Esto no es un mero delirio complotista, sino su contrario, la fría realidad. Lo hemos visto en acción durante las últimas elecciones presidenciales en los EEUU y en el referéndum sobre el brexit en el Reino Unido. También en cada manipulación de los datos disponibles que determinan nuestra percepción y capacidad de elegir. En Chile, por ejemplo, han tergiversado los niveles de competitividad del país presentados por el Banco Mundial para reducir las inversiones extranjeras y poder vencer políticamente en una maniobra que puso en juego el interés nacional al beneficiar los intereses económicos y políticos de una casta que hoy puede apropiarse del litio y otras riquezas naturales, como lo hicieron en pasado y siempre con el supuesto consenso de las mayorías.
Pero el tema es más amplio y concierne sobre todo al control social. En nuestras casas tenemos refrigeradores, lavadoras, hornos, televisores, sistemas de ventilación, iluminación y calefacción programables y cada uno de ellos tiene un chip, que comunica con otros chips y pasa informaciones valiosas sobre nuestra vida privada. Estos electrodomésticos «inteligentes», que conforman el Internet de las cosas, están equipados con cámaras y conectados entre ellos y a centros de elaboración de datos en mano de desconocidos, que se benefician personalmente. Lo mismo sucede con nuestros coches y teléfonos móviles que nos conectan al mundo y a los aparatos que nos rodean y entregan detalles preciosos sobre todo lo que hacemos durante las 24 horas del día. Los libros, periódicos y revistas son cada vez más digitales y al leerlos, nos recontamos y describimos en un modo, que hasta hace poco era completamente inimaginable.

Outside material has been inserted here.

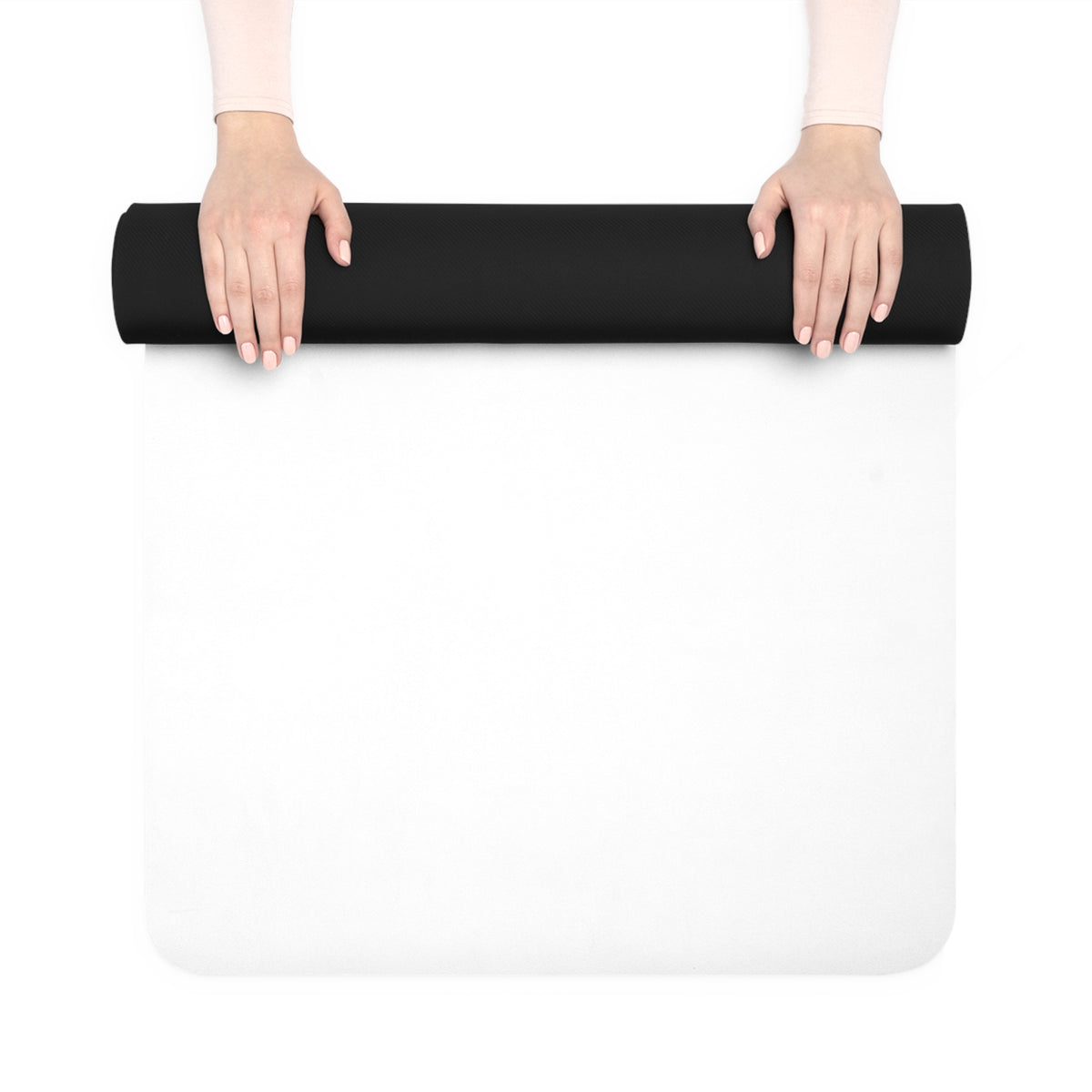 Elite Since 8™ Base Camp™ – Tournament Ground Mat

La tecnología ha hecho posible un mundo que ni Orwell había soñado. Todo está controlado y no hay esfera en nuestra vida que conserve un mínimo de privacidad y el doloroso resultado de este control externo es la pasividad, sellada con la muerte lenta de la individualidad y la protesta.
Conociéndonos en nuestras preferencias, rutinas cotidianas, intereses personales y miedos, nos hace vulnerables y fácilmente controlables, porque no somos los seres racionales que pretendemos ser, sino que respondemos inconscientemente y en manera gradual a las influencias externas que se nos presentan como creíbles y el hecho de ser tales, creíbles depende del grado de exposición. En los EEUU, antes de las elecciones presidenciales del 2016, una mayoría de votantes percibía a la candidata del Partido Demócrata como una persona corrupta e inhumana o al menos sospechaba que esto fuese un riesgo y además, la suponían culpable de actos abominables como asesinato y traición, a pesar de no haber sido jamás acusada o procesada por este tipo de delitos.
Una demostración innegable de los niveles de control de informaciones es la invitación de las agencias de inteligencia estadounidenses a no usar teléfonos celulares de fabricación china, ya que esto representaría un riesgo a la seguridad nacional. Pero no reconocen que los productores del país hacen lo mismo, atentando a las libertades personales y a la privacidad. La tecnología es un arma de doble filo y como todas las cosas tiene un precio y a veces este es demasiado grande para ser aceptado sin remordimientos.